[Records from a collection]
-- Opening Marker --
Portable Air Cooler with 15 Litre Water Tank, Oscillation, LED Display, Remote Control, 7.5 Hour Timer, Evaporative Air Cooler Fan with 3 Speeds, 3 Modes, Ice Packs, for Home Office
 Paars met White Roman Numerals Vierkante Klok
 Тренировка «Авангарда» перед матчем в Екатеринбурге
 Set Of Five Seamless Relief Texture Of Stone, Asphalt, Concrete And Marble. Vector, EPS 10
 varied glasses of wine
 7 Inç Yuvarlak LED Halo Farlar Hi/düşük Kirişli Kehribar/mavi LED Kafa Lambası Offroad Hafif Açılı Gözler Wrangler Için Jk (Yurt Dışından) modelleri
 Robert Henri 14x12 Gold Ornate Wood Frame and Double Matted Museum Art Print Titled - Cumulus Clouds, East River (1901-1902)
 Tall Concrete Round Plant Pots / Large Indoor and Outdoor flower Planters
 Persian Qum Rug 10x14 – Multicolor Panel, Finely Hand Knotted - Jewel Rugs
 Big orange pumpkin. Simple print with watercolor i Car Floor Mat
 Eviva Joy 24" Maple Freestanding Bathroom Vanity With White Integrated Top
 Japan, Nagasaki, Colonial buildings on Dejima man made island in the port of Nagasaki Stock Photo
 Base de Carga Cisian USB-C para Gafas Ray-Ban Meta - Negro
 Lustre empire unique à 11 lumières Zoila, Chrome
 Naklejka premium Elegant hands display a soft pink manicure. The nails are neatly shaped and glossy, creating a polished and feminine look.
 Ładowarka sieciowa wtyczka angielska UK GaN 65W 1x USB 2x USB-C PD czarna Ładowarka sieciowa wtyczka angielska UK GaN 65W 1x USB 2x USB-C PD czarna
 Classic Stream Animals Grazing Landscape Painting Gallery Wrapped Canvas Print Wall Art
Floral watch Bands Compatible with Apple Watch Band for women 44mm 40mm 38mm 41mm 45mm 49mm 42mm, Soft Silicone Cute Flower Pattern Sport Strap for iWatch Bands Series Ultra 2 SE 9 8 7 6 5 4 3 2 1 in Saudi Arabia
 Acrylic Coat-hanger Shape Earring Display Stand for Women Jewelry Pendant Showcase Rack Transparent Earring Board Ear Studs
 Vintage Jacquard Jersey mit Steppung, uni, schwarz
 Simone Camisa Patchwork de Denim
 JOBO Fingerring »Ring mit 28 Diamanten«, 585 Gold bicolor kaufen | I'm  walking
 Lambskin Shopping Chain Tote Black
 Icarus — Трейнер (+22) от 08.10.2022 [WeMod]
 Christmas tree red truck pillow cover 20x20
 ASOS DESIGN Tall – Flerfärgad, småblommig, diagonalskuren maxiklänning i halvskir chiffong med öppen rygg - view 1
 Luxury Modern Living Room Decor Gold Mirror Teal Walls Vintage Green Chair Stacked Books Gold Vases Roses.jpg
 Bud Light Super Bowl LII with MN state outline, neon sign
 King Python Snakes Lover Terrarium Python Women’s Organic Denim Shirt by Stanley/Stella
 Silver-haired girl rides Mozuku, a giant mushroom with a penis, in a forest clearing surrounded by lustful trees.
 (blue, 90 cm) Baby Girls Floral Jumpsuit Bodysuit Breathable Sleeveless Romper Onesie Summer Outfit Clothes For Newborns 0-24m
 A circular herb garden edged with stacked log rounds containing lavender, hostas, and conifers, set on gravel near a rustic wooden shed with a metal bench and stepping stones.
-- Closing Marker --
What you need to do: From the data above, copy each line that has the string "Gold".

Reply to the exercise:
 Robert Henri 14x12 Gold Ornate Wood Frame and Double Matted Museum Art Print Titled - Cumulus Clouds, East River (1901-1902)
 JOBO Fingerring »Ring mit 28 Diamanten«, 585 Gold bicolor kaufen | I'm  walking
 Luxury Modern Living Room Decor Gold Mirror Teal Walls Vintage Green Chair Stacked Books Gold Vases Roses.jpg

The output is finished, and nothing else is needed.